Timpani, or kettledrums, can be traced back to Europe from around the 13th century. Like many other percussion instruments, the original use for timpani was for military or state occasions. The shells are made of copper although ceremonial drums have been made of silver. Timpani are generally 20″ to 32″ in diameter. Timpani players have certain problems and peculiarities that no other orchestral principal or percussionist has to contend with, such as tuning and function.

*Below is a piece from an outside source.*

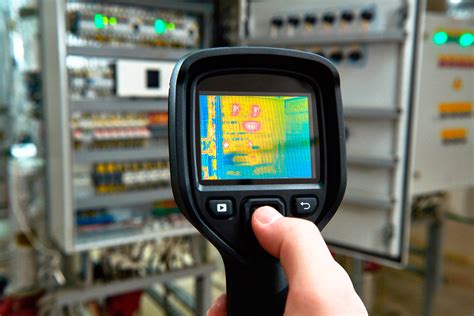thermographic testing  detailed thermal surveys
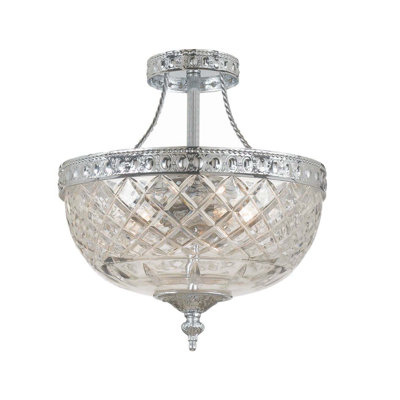 Cortland Semi Flush Mount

Timpani are the major instrument of the drum family and are seen as the leader in the orchestral percussion section. A good timpanist must have good stick technique. The mallets used in playing this instrument can be gripped in two ways: Matched grip, in which the palm faces down and the stick pivots between the thumb and the main joint of the index finger (similar to a matched snare grip), or the French grip, in which the thumb is on the top of the stick is pivoted between the end of the thumb and the smaller joint of the index joint. When rolls are played on the timpani, the use of rapid single strokes is required because the large, loose head does not make for good buzz strokes like a snare head. The normal playing spot on the head is about 4″ from the rim. A good timpanist must also have the skill of tuning. Generally the player is sitting on a throne so he can function pedals, which can adjust the tuning of each drum. The musician must have a trained ear that can recognize intervals and switch tuning quickly.